Es scheint, als werde die neue Bundesregierung der alten immer ähnlicher. Der Anzug hat sich durchgesetzt, und selbst die Schweinchen-Krawatte, das letzte zaghafte Symbol des Aufbegehrens, hängt im Schrank des Vergessens. In gedecktem Tuch suchen die rotgrünen Regenten nach eigenen Wegen und biegen dann doch, wie von Zauberhand geleitet, in die Gänge des Kohlschen Systems ein: Sie treffen sich zu "Koalitionsrunden", öffnen den Kabinettssaal für die Chefs der Regierungsfraktionen - und nun stoßen sie auch noch auf die Wiedergänger der alten Störenfriede, auf neue "Junge Wilde".

Sie heißen Hans-Peter Bartels, Hubertus Heil, Michael Roth, Carsten Schneider und Karsten Schönfeld, sind zwischen 23 und 37 Jahren alt und warfen Anfang der Woche ein dreiseitiges Papier auf den Markt.
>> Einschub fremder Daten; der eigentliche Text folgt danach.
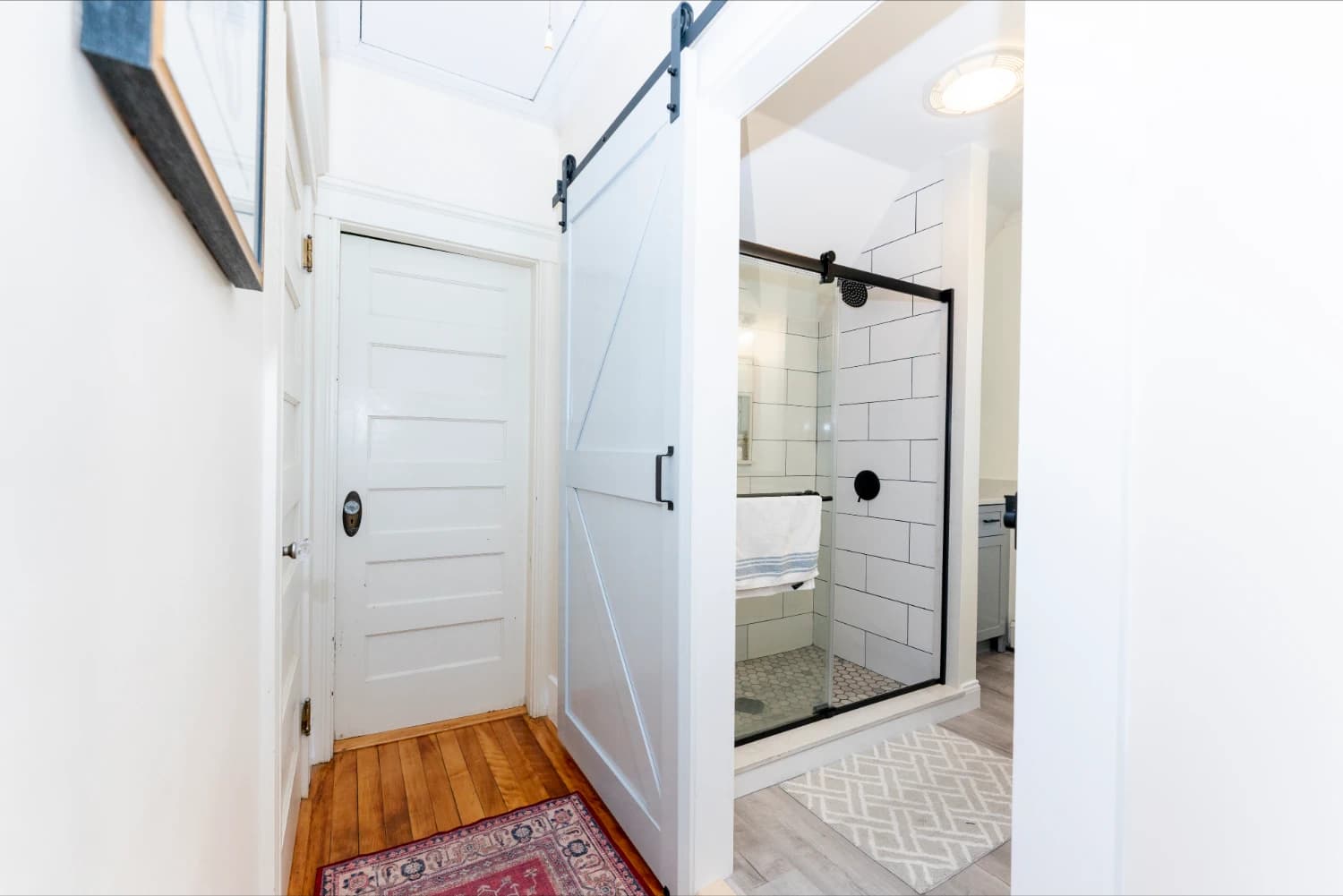 new bathroom renovated barn door and shower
Unter dem Titel: Mut zum Regieren beklagen sie das Erscheinungsbild ihrer Regierung.

Die fünf SPD-Abgeordneten vermissen nicht nur "Professionalität", sondern auch die "programmatische Klärung in zentralen Zukunftsfragen". Bislang werde nicht deutlich, daß die SPD die "Partei der Innovation" sei: "Die mit reichlich Kanzlercharme entschuldigten handwerklichen Fehler offenbaren vielmehr, daß die Arbeitsorganisation der neuen Bundesregierung selbst wenig mit dem Management in einer modernen Industrie- und Dienstleistungsgesellschaft zu tun hat."
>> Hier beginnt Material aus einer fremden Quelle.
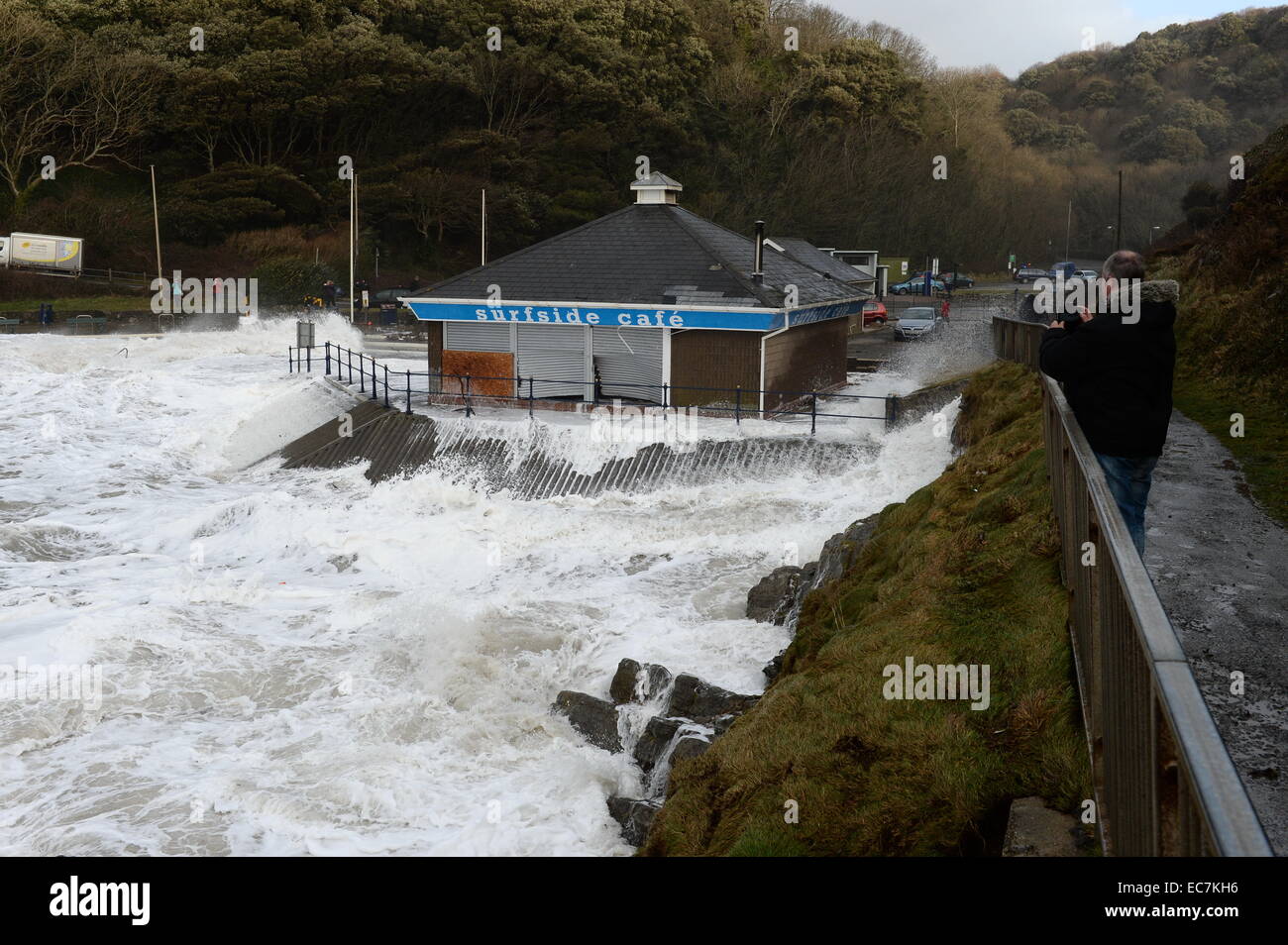 large  waves break over the sea defenses swirling  round the Surfside Cafe  at Caswell Bay  breaking shutters damaging  inside Stock Photo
Kritik aus den Nachwuchsbänken - hat sich das System Schröder damit endgültig in den Halterungen des Kohlschen Modells verankert? Es scheint nur so. In Wahrheit ist Schröder nicht Kohl, sind die Anzüge seiner Minister anders geschnitten, nämlich modisch statt klassisch, atmen die Kungelrunden einen anderen Geist, treibt die neue innerparteiliche Opposition etwas anderes um.

Kohls Junge Wilde, Peter Altmeier, Norbert Röttgen und Eckart von Klaeden, hatten ein Programm: Sie standen für eine liberalere und eine ökologischere Union. Schröders Junge Wilde haben kein Programm, sondern ein Problem: Sie merken, daß der Laden nicht läuft.

Wo aber soll die Reise ihrer Meinung nach hingehen? Die Forderung nach einem "professionellen Koalitionsmanagement" dröhnt hohl im Ohr, wenn sie von jungen Männern erhoben wird, die gerade ihr erstes Büro einrichten. Und der Ruf nach "Mut zur Klarheit" klänge überzeugender, wenn zumindest umrißweise deutlich würde, welche Klarheit da gemeint ist. Nein, jedes System ist anders, und jede Regierung hat die Jungen Wilden, die sie verdient.